(ChemotherapyAdvisor) – Arab-American men treated with definitive radiation therapy for intermediate- and high-risk prostate cancer experience poorer clinical outcomes than European- or African-Americans, according to a study presented at the Radiological Society of North America (RSNA)’s 2012 Scientific Assembly and Annual Meeting in Chicago, IL.
“Ethnicity may play a role in clinical outcomes following definitive radiation therapy with our findings suggesting worse outcomes for Arab Americans with intermediate and high-risk disease,” reported lead author Mohamad Badi Dabjan, MD, of the Radiation Oncology Department at Beaumont Hospital, Royal Oak in Royal Oak, Michigan.
Dr. Dabjan and his coauthors assessed clinical outcomes among 2,672 European Americans (n=2,248), African Americans (n=287), and Arab Americans/Chaldeans (n=137) who were treated for prostate cancer with definitive radiotherapy between 1991 and 2011. (Chaldeans are people of Assyrian descent.) The median radiation dose for these patients was 72 Gy (range, 19-145 Gy).
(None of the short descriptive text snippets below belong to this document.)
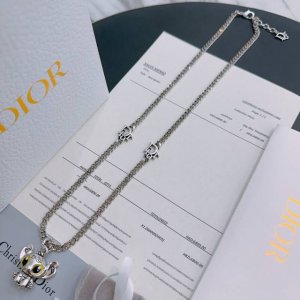 Dior新款 迪奥项链原单货专柜新款开模复古潮流时尚必备 男女均可佩戴 情侣款同款 摇滚朋克泰银风格 复古元素 潮流百搭 官网同款项链最新款链条档次更高明星经典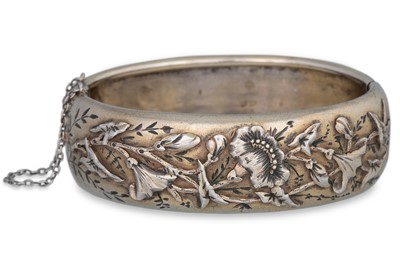 Lot 14 - AN ANTIQUE FRENCH ART NOUVEAU SILVER BANGLE,...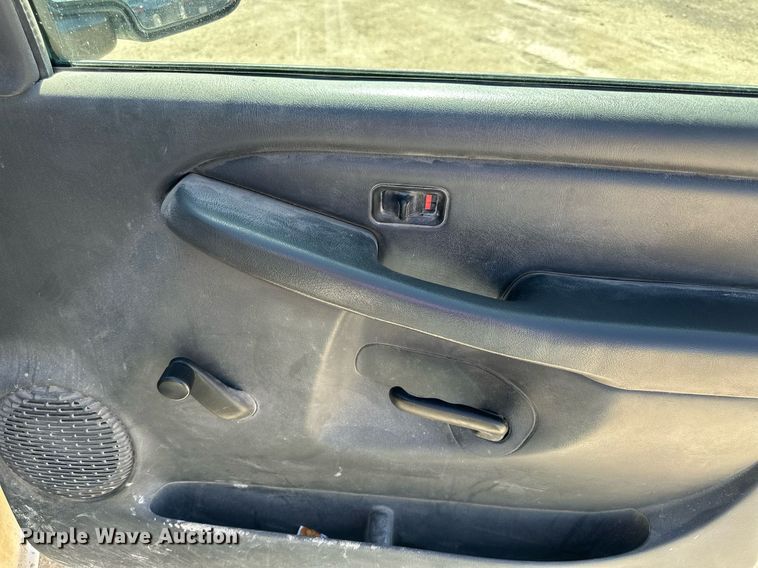 image for item LN9452 2006 Chevrolet Silverado 2500HD  pickup truck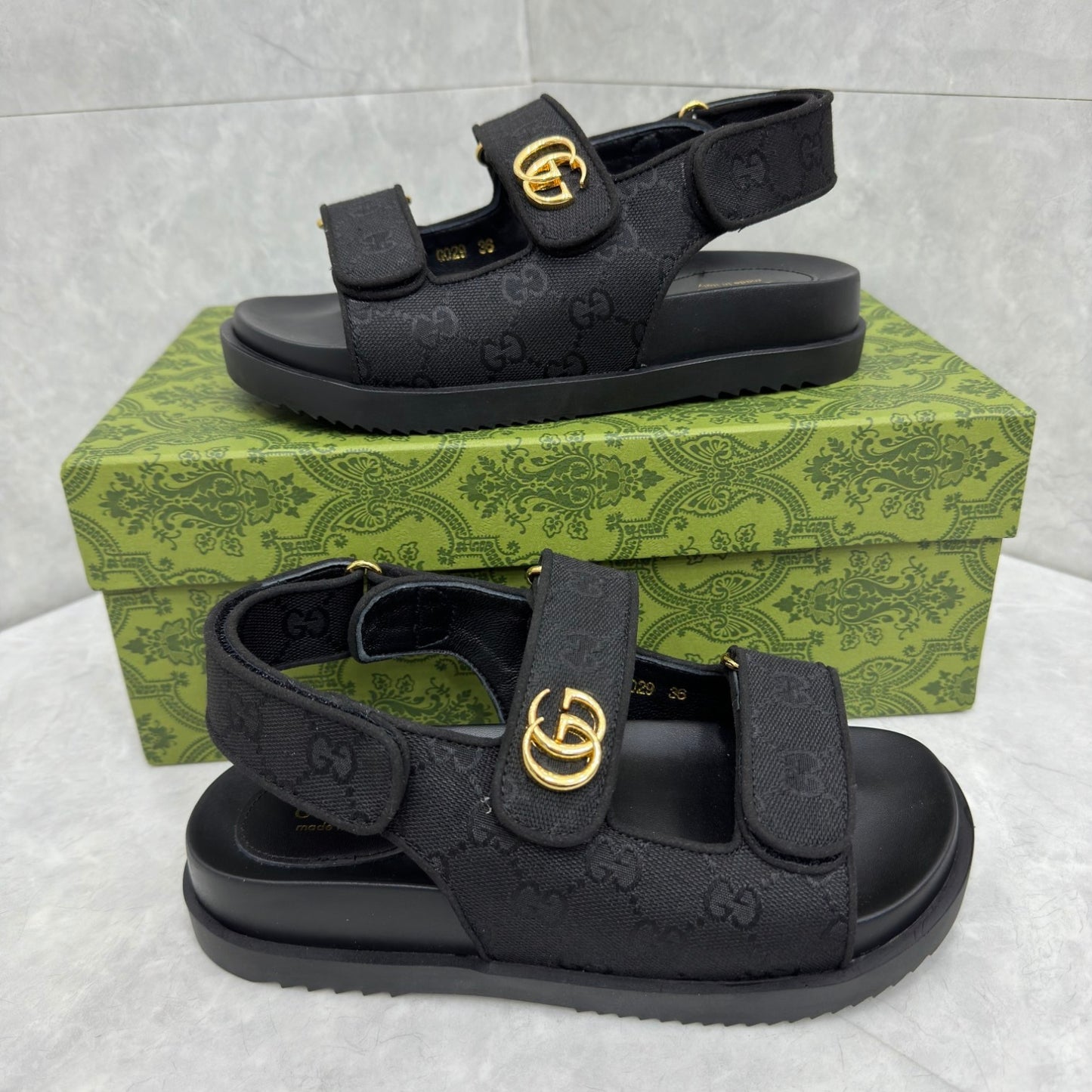 Sandália GG Slider com Double GG Preto Calcanhar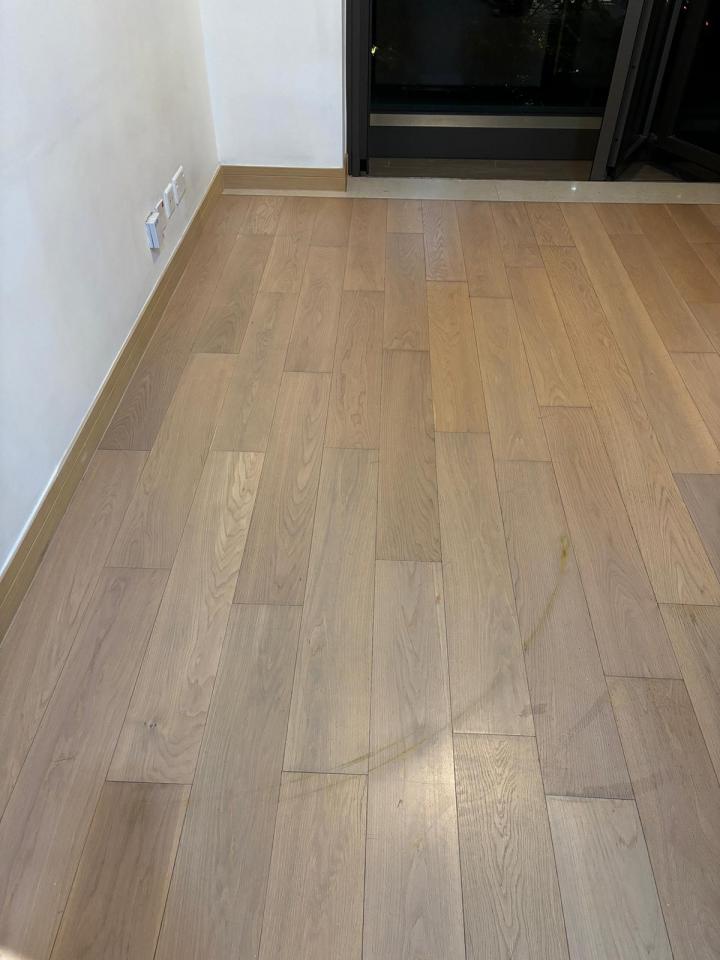 木地板打磨翻新工作照片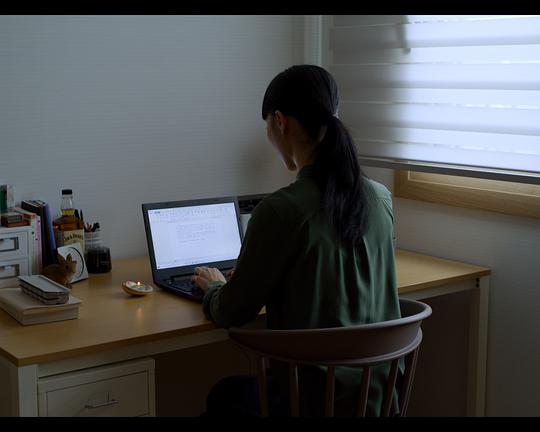 《出生》电影封面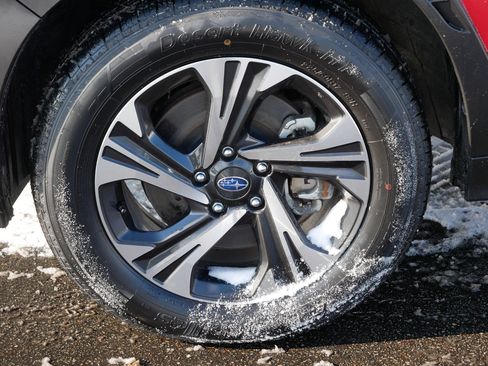 Used 2024 Subaru Crosstrek 2.0i Premium image 15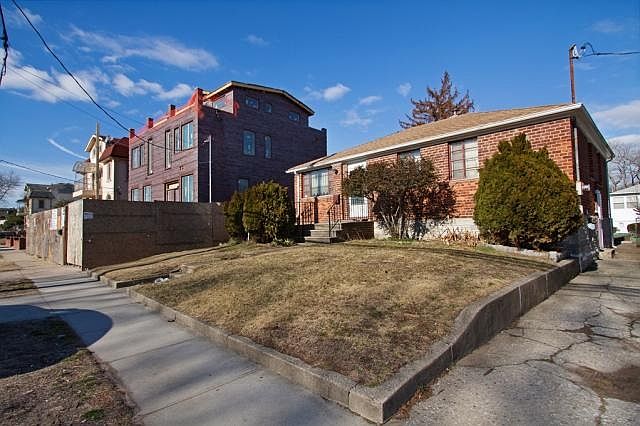 2nd image of 2251 Mill Ave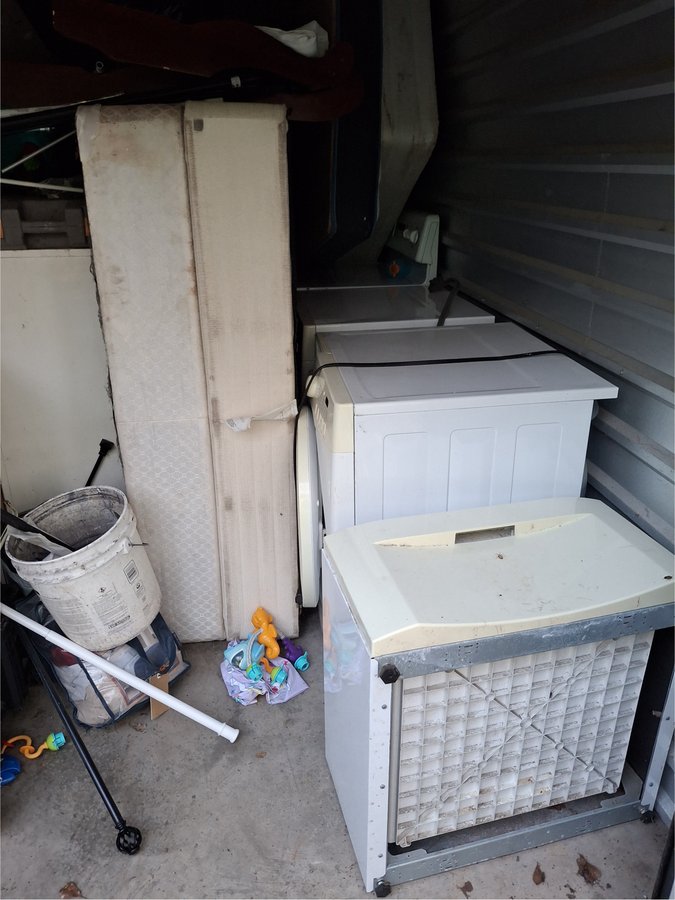 10 x 15 storage unit in Maxton, NC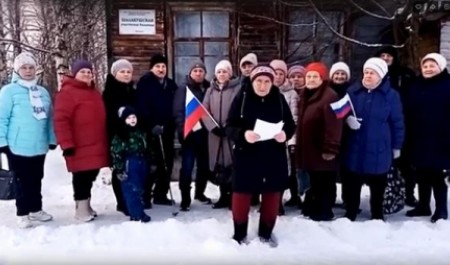 Жители архангельской глубинки продолжают бить тревогу из-за оптимизации медсферы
Median patient age was 69 years and median PSA before treatment was 6.0 (range, 0.1-132.6).
At a median follow-up of 5.0 years, American/Chaldean men with high-risk prostate cancer had significantly lower disease-free survival (DFS) rates (54.5%) than European Americans (81.7%) or African Americans (88.6%; P=0.01), the coauthors reported.
At 5.0 years, Arab American/Chaldean men with intermediate-risk prostate cancer had a lower cancer-specific survival (CSS) rate than rates seen among European or African American men (P=0.03), and a trend toward modestly reduced DFS rates (84.0% among Arab Americans/Chaldeans versus 86.4% for African Americans and 85.4% among European-Americans; P=0.07), the researchers noted.
There were no other overall differences in biochemical control between men of different ethnicities, disease-free survival, cause-specific survival, or overall survival, the authors reported.